Uçakta gözleri açılır açılmaz sünepeleşen, kuruğunu paçası arasına kısıp; "Zaten anam da Türk. Devletin emrindeyim" diye yaltaklaşan, karakter fukarası bebek katili bir sehpa artığı, cezaevinden; "Hükümet de bu fırsatı heba etmemeli. Bu bir isyandır. Ben de isyanın lideriyim. İsyanın bitmesi için üzerime düşeni yapacağım. Koçgiri İsyan’ına benzer biçimde Meclis de üzerine düşeni yapmalı!" diye talimat gönderiyor! Talimatı da benim helal kazancımdan alınan vergilerden maaş verilen, yeminsiz vekiller vasıtasıyla gönderiyor! Kuryelerinin teşrifatçılığını da, iki kişiden birinin oyunu alan bir hükümete yaptırıyor! Sanki savaş kazanmış gibi seslenebiliyor!
Hey! BOP Eş Başkanı!
Bebek katili ve eşkıyalarını muhatap saymam! Sizin gibi bin tanesi gelse, on tane haçlı bir araya gelse bile şahsen ölürüm ama yenilmem! Ben yenilmeği bilmeyen bir ırkın ahfâdıyım! Akıllı olun!

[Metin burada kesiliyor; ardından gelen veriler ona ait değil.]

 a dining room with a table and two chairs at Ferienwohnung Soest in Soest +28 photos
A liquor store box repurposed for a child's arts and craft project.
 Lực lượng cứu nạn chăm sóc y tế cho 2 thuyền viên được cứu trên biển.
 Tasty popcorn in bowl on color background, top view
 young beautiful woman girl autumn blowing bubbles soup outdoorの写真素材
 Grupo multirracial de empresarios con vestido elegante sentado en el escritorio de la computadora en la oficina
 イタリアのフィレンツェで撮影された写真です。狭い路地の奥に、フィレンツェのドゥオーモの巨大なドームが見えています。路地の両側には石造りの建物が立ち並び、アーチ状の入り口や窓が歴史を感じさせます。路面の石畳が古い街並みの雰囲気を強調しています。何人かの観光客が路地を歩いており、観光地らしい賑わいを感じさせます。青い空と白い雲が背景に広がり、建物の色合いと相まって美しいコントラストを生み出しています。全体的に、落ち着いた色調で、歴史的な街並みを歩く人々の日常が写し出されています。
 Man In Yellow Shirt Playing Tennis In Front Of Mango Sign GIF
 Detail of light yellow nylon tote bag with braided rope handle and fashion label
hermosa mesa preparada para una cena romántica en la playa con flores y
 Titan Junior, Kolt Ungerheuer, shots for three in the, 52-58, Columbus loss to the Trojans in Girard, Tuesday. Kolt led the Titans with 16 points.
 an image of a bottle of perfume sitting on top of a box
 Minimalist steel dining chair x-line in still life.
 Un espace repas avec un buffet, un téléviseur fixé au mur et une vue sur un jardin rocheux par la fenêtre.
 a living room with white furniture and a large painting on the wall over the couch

Türk Milleti! Öldün mü? Yenildin mi? Kuduz kapı köpeğine teslim mi oldun?
"BOP Eş Başkanı olarak bizim de bölgede görevlerimiz var" diyen Başbakan'ın, senin verdiğin yetki ile neler yaptığını görmüyor musun? Meydanlarda direnen işçilerin, memurların, üniversitelilerin gözlerine sıkılan biber gazı seni mi kör etti yoksa?
Son bir aya neler sıkıştırdılar, görmüyor musun?
Sanki iki devletmiş gibi, protokoller imzalanarak yaklaşık iki yıldır PKK'lı teröristin elindeki rehinelere devir-teslim yapıldı! Bu da urgan artığı bebek katilinin talimatıyla gerçekleşti!
PKK, elindeki 8 kamu görevlisini serbest bırarak,"Analar ağlamasın" slogan-projesine katkı veren bir jest yapmışlarmış!
Sekiz aile sevindi, doğrudur! Bu arada yetmiş beş milyonun, PKK tarafından şehit edilen, katledilen otuz binden fazla insanının aileleri ile kahrolduk! Dahası, bu yüzkarası uygulamada da satır arasına saklı yalanlar vardı! Efendiler diyeceğim, Beğler diyeceğim, unvânlara yazık! Hey! Unvansız, sıfatsızlar!
Sizin diğer BOP Eş Başkanı ve AB'nin dikte talimatları gereği başlattığınız "Açılım" adlı süreçte, ömürlerini teröristlerle mücadele ederek geçirmiş madalyalı millet evlâtlarını, ABD'nin canını sıktıkları için vazgeçtiği NATO Generalleri ve onlarla birlikte derdest ettiğiniz millet evlâdı Paşaları hapsetmenizle başlayan kaos ortamında yaptıklarınızı görmüyor, duymuyor, bilmiyor muyuz?
Meselâ, haçlı istedi diye işlerine son verdiğiniz Korucuların 140 (yüz kırk) yakınının bir yıldan fazladır PKK elinde rehin tutulduklarını, milletten niye saklıyorsunuz? Ki bunların çoğu da çocuk! Bu rehinelerin Mahmur'da tutulduğu da biliniyor! Çocukların anneleri Mahmur'a gidiyor; "Siz gidin, babaları gelsin!" diye geri çeviriliyorlar!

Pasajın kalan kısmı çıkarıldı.